Only the lines below between the ones containing "Byron Egg Oval" and "学习新修订的《中国共产党纪律处分条例》个人心得体会 汇编8份.docx", inclusive, are to be reproduced, each exactly as it stands.

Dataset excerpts
*** Block opens ***

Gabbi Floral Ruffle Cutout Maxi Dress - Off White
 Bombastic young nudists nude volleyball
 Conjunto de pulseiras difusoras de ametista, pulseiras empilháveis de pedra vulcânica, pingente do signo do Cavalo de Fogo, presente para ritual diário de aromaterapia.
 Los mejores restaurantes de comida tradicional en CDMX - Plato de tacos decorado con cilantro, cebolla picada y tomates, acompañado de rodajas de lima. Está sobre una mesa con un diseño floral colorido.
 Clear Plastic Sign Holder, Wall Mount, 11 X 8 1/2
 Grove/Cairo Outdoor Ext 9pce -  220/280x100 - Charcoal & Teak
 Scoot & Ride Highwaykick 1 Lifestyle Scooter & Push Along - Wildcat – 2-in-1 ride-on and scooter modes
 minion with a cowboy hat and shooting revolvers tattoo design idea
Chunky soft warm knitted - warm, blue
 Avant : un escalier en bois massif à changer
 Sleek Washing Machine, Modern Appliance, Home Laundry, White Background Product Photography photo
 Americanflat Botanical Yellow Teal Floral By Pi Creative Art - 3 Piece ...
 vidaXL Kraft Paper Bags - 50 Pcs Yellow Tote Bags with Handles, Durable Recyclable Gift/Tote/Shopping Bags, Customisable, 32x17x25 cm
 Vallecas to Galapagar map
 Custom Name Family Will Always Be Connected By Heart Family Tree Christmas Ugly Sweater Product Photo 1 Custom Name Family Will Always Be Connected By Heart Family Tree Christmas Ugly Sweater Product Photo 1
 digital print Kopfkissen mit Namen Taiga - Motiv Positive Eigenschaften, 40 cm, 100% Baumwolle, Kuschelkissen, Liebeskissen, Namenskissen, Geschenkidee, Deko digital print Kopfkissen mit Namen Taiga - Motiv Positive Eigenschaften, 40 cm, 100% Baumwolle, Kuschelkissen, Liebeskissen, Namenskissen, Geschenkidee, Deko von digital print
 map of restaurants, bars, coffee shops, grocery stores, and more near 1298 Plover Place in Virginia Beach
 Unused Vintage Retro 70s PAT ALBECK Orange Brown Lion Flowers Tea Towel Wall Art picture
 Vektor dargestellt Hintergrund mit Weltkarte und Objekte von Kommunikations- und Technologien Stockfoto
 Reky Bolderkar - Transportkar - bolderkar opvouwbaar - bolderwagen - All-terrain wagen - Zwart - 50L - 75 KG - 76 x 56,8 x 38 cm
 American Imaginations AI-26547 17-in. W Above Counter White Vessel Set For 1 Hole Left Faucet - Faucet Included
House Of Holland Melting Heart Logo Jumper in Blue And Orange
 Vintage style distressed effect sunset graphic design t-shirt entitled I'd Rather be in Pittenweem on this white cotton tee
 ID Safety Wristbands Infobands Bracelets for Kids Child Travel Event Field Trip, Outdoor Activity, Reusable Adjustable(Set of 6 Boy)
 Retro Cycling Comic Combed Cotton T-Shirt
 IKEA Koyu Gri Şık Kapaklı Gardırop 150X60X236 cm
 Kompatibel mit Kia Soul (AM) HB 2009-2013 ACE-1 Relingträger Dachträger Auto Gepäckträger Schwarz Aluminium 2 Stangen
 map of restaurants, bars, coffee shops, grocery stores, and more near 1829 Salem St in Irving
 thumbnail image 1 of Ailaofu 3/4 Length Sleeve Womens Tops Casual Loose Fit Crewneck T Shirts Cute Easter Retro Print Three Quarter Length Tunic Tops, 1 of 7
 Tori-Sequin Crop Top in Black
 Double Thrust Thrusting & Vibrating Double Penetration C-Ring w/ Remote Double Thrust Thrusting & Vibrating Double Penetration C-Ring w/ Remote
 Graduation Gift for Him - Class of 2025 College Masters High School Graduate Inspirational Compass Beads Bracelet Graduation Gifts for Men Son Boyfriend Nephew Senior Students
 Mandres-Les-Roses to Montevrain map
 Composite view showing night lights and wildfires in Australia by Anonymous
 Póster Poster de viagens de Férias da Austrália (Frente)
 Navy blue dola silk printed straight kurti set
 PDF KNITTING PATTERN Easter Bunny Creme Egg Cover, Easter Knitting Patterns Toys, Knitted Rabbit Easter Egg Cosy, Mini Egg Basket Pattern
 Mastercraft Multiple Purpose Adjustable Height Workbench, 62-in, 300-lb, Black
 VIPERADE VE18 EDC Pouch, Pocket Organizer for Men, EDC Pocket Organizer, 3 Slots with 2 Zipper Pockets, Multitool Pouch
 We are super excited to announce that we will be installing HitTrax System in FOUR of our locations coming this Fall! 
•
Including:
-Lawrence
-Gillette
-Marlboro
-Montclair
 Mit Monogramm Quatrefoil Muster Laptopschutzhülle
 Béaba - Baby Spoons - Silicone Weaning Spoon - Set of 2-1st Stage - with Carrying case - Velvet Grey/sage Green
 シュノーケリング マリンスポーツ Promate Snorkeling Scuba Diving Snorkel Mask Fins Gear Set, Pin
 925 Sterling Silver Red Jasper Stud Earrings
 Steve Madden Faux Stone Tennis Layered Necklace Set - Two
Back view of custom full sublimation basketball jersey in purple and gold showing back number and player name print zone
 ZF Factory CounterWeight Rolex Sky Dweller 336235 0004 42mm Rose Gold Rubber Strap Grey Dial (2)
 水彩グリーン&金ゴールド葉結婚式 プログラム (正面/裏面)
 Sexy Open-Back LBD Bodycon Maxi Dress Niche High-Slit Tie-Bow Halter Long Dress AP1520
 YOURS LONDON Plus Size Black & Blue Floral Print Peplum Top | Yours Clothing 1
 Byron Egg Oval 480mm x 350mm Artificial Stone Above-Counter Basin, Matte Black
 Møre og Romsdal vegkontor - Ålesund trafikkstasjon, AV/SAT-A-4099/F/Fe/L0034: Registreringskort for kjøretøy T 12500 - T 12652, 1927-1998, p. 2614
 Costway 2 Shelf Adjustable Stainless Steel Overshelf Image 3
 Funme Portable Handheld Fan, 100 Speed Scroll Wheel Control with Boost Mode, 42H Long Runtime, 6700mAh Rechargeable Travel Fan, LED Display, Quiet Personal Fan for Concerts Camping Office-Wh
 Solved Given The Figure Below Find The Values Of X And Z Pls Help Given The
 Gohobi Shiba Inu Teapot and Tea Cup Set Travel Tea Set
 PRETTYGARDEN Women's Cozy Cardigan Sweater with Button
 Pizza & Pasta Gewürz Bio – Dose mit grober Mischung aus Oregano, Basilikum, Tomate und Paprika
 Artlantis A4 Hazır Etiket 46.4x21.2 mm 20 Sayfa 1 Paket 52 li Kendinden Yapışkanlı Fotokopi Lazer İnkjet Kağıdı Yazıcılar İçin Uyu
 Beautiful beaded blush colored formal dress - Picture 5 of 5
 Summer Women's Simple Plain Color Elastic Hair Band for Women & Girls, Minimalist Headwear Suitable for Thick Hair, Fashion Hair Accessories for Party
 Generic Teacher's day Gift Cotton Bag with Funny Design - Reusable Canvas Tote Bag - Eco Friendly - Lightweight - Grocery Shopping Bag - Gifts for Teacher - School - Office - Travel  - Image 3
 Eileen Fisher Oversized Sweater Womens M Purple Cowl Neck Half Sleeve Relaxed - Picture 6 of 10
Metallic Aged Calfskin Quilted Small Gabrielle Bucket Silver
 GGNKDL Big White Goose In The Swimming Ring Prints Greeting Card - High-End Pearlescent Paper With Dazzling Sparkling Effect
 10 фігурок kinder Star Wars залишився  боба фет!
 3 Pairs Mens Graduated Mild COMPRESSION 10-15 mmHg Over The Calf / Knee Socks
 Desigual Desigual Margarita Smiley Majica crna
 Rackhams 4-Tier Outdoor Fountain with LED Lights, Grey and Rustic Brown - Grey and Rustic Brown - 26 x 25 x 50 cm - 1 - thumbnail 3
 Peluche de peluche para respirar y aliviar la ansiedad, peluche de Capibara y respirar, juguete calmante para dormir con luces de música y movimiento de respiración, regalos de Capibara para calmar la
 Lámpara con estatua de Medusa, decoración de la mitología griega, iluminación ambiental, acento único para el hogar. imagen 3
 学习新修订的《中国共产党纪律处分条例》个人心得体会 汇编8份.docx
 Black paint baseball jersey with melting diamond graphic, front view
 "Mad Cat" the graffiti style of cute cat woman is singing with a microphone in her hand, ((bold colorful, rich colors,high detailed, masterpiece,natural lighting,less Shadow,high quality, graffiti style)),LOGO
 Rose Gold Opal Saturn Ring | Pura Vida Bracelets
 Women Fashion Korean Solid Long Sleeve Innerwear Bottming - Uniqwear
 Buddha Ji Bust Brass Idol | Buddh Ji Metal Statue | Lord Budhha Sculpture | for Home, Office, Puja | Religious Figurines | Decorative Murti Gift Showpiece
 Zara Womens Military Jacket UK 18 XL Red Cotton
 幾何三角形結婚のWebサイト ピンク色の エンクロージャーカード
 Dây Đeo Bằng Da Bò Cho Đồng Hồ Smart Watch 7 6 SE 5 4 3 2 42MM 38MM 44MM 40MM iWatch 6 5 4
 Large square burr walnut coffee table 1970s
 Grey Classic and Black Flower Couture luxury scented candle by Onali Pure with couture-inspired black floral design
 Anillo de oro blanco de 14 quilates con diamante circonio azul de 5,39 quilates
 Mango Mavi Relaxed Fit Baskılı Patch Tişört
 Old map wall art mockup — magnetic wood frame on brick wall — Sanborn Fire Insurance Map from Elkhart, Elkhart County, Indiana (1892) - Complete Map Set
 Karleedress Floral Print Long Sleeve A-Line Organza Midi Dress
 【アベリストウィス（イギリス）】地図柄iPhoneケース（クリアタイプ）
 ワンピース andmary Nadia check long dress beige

*** Block closes ***

Answer to the exercise
 Byron Egg Oval 480mm x 350mm Artificial Stone Above-Counter Basin, Matte Black
 Møre og Romsdal vegkontor - Ålesund trafikkstasjon, AV/SAT-A-4099/F/Fe/L0034: Registreringskort for kjøretøy T 12500 - T 12652, 1927-1998, p. 2614
 Costway 2 Shelf Adjustable Stainless Steel Overshelf Image 3
 Funme Portable Handheld Fan, 100 Speed Scroll Wheel Control with Boost Mode, 42H Long Runtime, 6700mAh Rechargeable Travel Fan, LED Display, Quiet Personal Fan for Concerts Camping Office-Wh
 Solved Given The Figure Below Find The Values Of X And Z Pls Help Given The
 Gohobi Shiba Inu Teapot and Tea Cup Set Travel Tea Set
 PRETTYGARDEN Women's Cozy Cardigan Sweater with Button
 Pizza & Pasta Gewürz Bio – Dose mit grober Mischung aus Oregano, Basilikum, Tomate und Paprika
 Artlantis A4 Hazır Etiket 46.4x21.2 mm 20 Sayfa 1 Paket 52 li Kendinden Yapışkanlı Fotokopi Lazer İnkjet Kağıdı Yazıcılar İçin Uyu
 Beautiful beaded blush colored formal dress - Picture 5 of 5
 Summer Women's Simple Plain Color Elastic Hair Band for Women & Girls, Minimalist Headwear Suitable for Thick Hair, Fashion Hair Accessories for Party
 Generic Teacher's day Gift Cotton Bag with Funny Design - Reusable Canvas Tote Bag - Eco Friendly - Lightweight - Grocery Shopping Bag - Gifts for Teacher - School - Office - Travel  - Image 3
 Eileen Fisher Oversized Sweater Womens M Purple Cowl Neck Half Sleeve Relaxed - Picture 6 of 10
Metallic Aged Calfskin Quilted Small Gabrielle Bucket Silver
 GGNKDL Big White Goose In The Swimming Ring Prints Greeting Card - High-End Pearlescent Paper With Dazzling Sparkling Effect
 10 фігурок kinder Star Wars залишився  боба фет!
 3 Pairs Mens Graduated Mild COMPRESSION 10-15 mmHg Over The Calf / Knee Socks
 Desigual Desigual Margarita Smiley Majica crna
 Rackhams 4-Tier Outdoor Fountain with LED Lights, Grey and Rustic Brown - Grey and Rustic Brown - 26 x 25 x 50 cm - 1 - thumbnail 3
 Peluche de peluche para respirar y aliviar la ansiedad, peluche de Capibara y respirar, juguete calmante para dormir con luces de música y movimiento de respiración, regalos de Capibara para calmar la
 Lámpara con estatua de Medusa, decoración de la mitología griega, iluminación ambiental, acento único para el hogar. imagen 3
 学习新修订的《中国共产党纪律处分条例》个人心得体会 汇编8份.docx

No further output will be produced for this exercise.